The topic of how to address an elderly parent’s impending death is common in Asian arthouse cinema, and there are very few new angles from which to approach it. Chinese director Chen Xiaoyu’s debut feature, Gone With the Boat, takes matters slowly and cautiously, and while it’s affecting in its own quiet way it doesn’t make any kind of distinct impression. The elderly person in question is 72-year-old Zhou Jin (Ge Zhaomei), who has lived by herself in a riverside village since her carpenter husband recently died and seems entirely self-sufficient. She has two adult children, the tense, ambitious Jenny (Liu Dan), who runs an English language school in Shanghai with her American husband; and Qin (We Zhoukai), who doesn’t seem to have any kind of fixed job or residence. They rarely visit their mother, and when they do they don’t stay long. But once Jin is diagnosed with an inoperable brain tumor they are forced to face their filial responsibilities and be by her side, choices that invariably lead to friction, not only with their mother, but with each other.

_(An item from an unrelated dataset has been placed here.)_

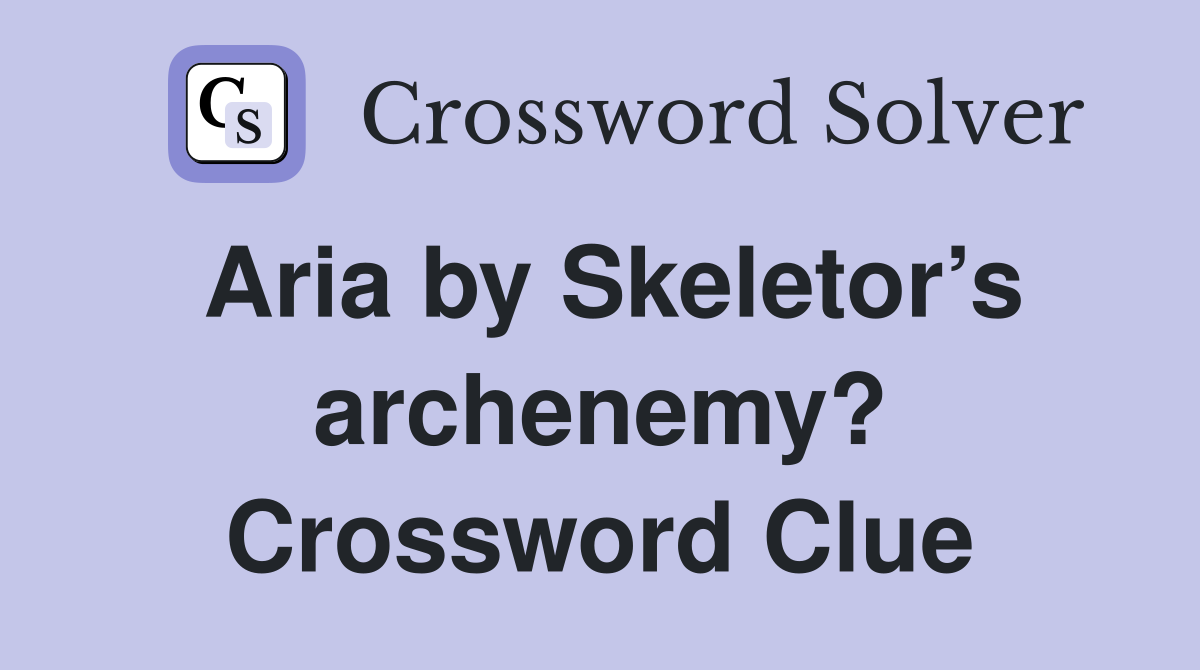 Aria by Skeletor’s archenemy? Crossword Clue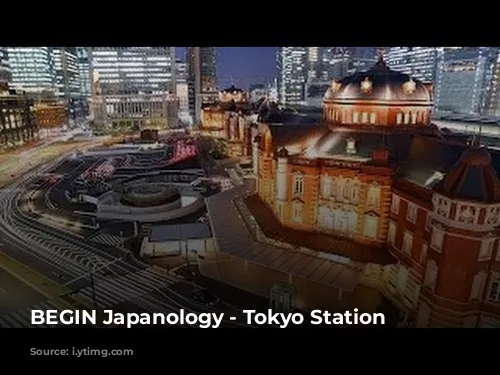 BEGIN Japanology - Tokyo Station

Initially the conflict is over their mother’s treatment. Jenny wants Jin to take advantage of aggressive methods, but Jin sees it as being pointless and would prefer dying at home. Qin takes his mother’s side, and the two siblings alternate staying with Jin as she enters her final weeks, though Jenny’s school is having serious financial problems that demand her attention. Qin has no such obstacles and nothing better to do, and so he spends the bulk of his time with Jin. Gradually, Chen reveals the source of the family’s troubled interrelationships. There was an older son who died young, plunging his parents into remorse over how they forced him to take over the father’s business, and so they encouraged their two later children to go out into the world. Moreover, Jin was either orphaned or given up by her parents to an adoptive family, who expected her to marry their son when she was old enough, but wed another instead. Consequently, she has never had a family to fall back on—her adoptive brother visits, intent on putting Jin’s affairs in order, but she rejects his help—and has only her children, grandchildren, and the house she made into a home. She wants a simple funeral, a wish that perplexes her neighbors. 

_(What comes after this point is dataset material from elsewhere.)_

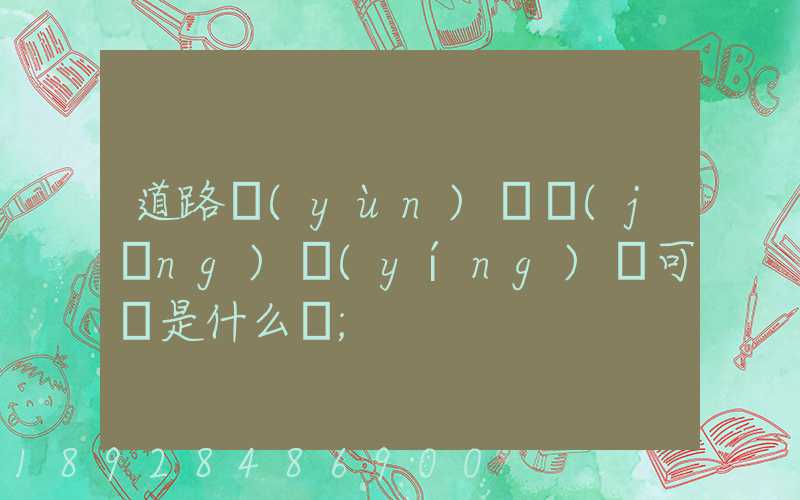 道路運(yùn)輸經(jīng)營(yíng)許可證是什么證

Chen does a good job of weaving these various personal enmities into a believable family saga, and maintains enough mystery to keep the viewer intrigued. Qin seems to have a constitutional repulsion to marriage (it’s hinted he might be gay); and Jenny is estranged from her older teenage son, who left school and home to pursue a career as an actor, with the implication that his father is not the same man as the father of Jenny’s younger daughter, Sue. As a leitmotif, the director makes frequent references to the boats required by residents of the village, as if they provided more stability than an actual house. It’s an odd metaphor for a movie that’s so formally stolid and narratively inert. 

Thai director Pat Boonnitipat’s How to Make Millions Before Grandma Dies is, as suggested by its title, a less serious movie about the same subject, though in its own way it really isn’t that different. Opening in a comic mode with various family members kissing up to their widowed matriarch, Grandma Menju (Usha “Taew” Seamkhum), who owns a nice piece of property in the Chinatown section of Bangkok, the story sets up a classic cynical dilemma: Who deserves to inherit her legacy? From the get-go it appears that the least likely benefactor would be her college dropout grandson, M (Putthipong “Billkin” Assaratanakul), whose interest in life starts and ends with his collection of video games. Boonnitipat’s aims are made clear by how he presents the various family members. Everyone, including M’s parents, cousins (one of whom makes a living through Only Fans), uncles, and aunts, present themselves as worthy heirs. Grandma, who is good-natured to a fault, takes it all in stride. M has designs, but he keeps them hidden.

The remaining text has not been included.